The greatest risks to young athletes (and young athletes on the way to becoming older athletes) are, by and large, those things that are the greatest risk to the majority of all Americans: tobacco use, heart disease, obesity and its co-morbidities, motor vehicle accidents, and cancers. While we worry greatly about catastrophic injury or sudden death in sport, the reality is that such events are fortunately quite uncommon. More people are killed in car crashes with deer than die on the fields of sport in the United States in a given year. There are on average 10-20 episodes of sudden cardiac death due to HCM annually in the U.S., 1-3 cases of commodo cordis, and 10 catastrophic head or neck injuries. This does not lessen in any way the diligence of researchers and caregivers to improve safety records and further minimize the incidence of these traumatic events. Rather, it speaks exceptionally well to the preparations, coverage, and response of athletic trainers, physicians, coaches, and other medical caregivers in the sporting venue. Conscientious pre-participation evaluations continue to provide the opportunity to screen athletes by history and physical exam for anatomic abnormalities and risk behaviors.
While it is important and interesting to look at the incidence/prevalence of "risk behaviors in sport," our message on these behaviors needs to be delivered at a broad population level. Addressing the issues of sub-set groups, in youth and early adulthood, can help clarify special concerns in high-risk populations. Yet the prescription should be applied equally to all youth, whatever their athletic disposition. Kept in the perspective of sheer numbers of morbidity and mortality, it is clear that the greatest risks to high school and college youth, athletes and nonathletes alike, are much the same.
- Don't smoke or use illicit drugs.
- Don't drink and drive or get in a car with someone who has been drinking.
- Always wear your seatbelt and a helmet as indicated.
- Make daily physical activity a habitual part of your life.
- Consume a balanced diet of appropriate caloric volume.
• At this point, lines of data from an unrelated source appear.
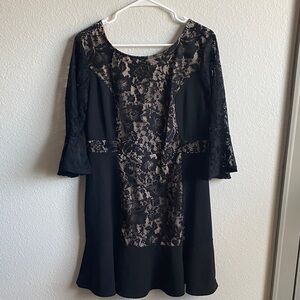 NY Collection Black and Beige Lace Dress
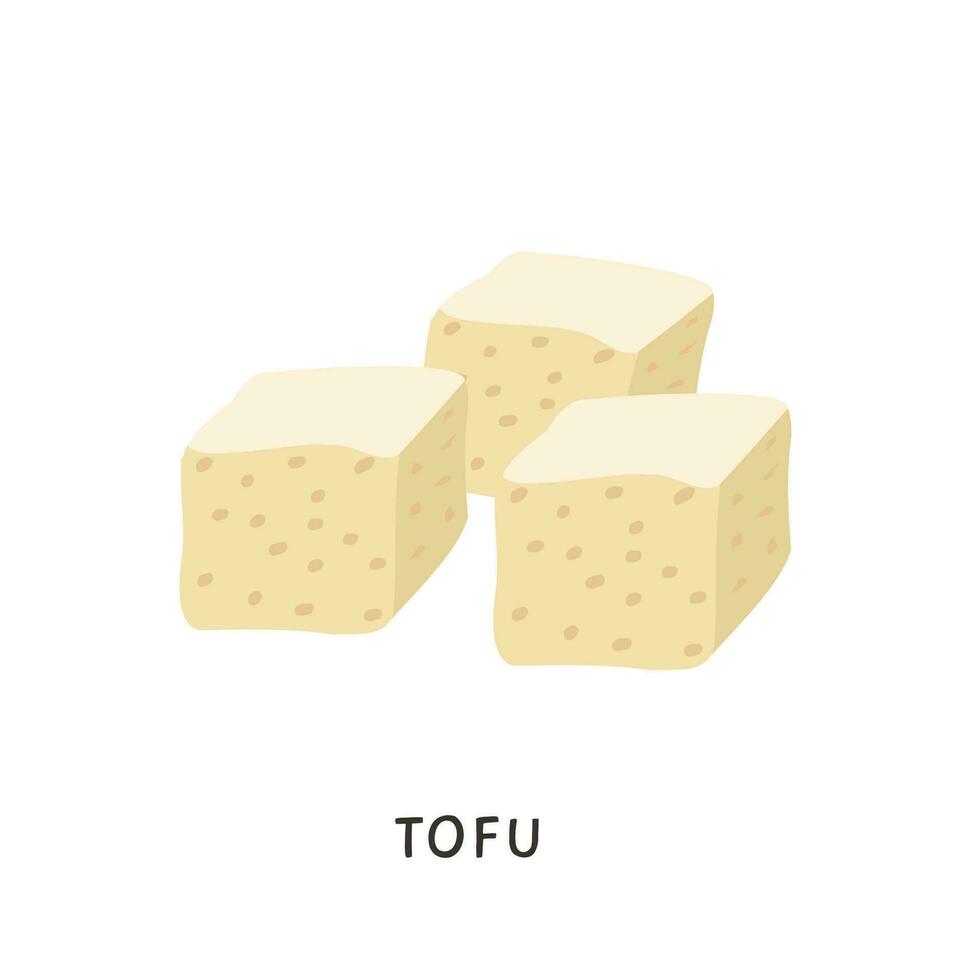 Sliced tofu cubes. Vegan organic soy cheese diced isolated on white background. Flat vector cartoon illustration of dairy bean curd. Traditional asian meal for vegetarians.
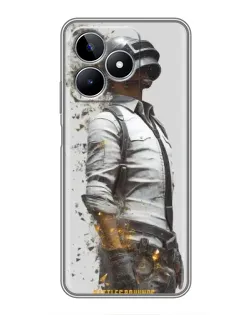 Чехол для Realme C53 с картинкой «PUBG — боец в пыли»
- Limit refined sugars, soft drinks, and "sports" drinks.
- Get at least 50-60 h of sleep per week.
- If sexually active, be responsible and safe.
- Keep your weight in normal range.
- Get routine physical exams, preventive vaccines, and screening tests.
- Brush and floss your teeth daily.
Preserving a habit of lifelong physical activity and minimizing preventable risks remain cornerstones of ahealthy existence. The Exercise is Medicine™ (EIM) initiative champions this cause (36). Minimizing "risky behaviors" is sometimes a no-brainer (not smoking, legal and sensible use of alcohol, safe sex, maintaining a normal weight) and sometimes a matter of choice (scuba-diving, hang-gliding, or mountaineering). Sport can improve both quality of life and one's appreciation of life. Many would argue that compressing the "period of morbidity" at the end of life is more important than having a prolonged but insensate existence in a care facility. Life has bookends; there is a birth and a death awaiting us all. What matters is living well and nurturing what mythologist Joseph Campbell calls the "rapture of being alive."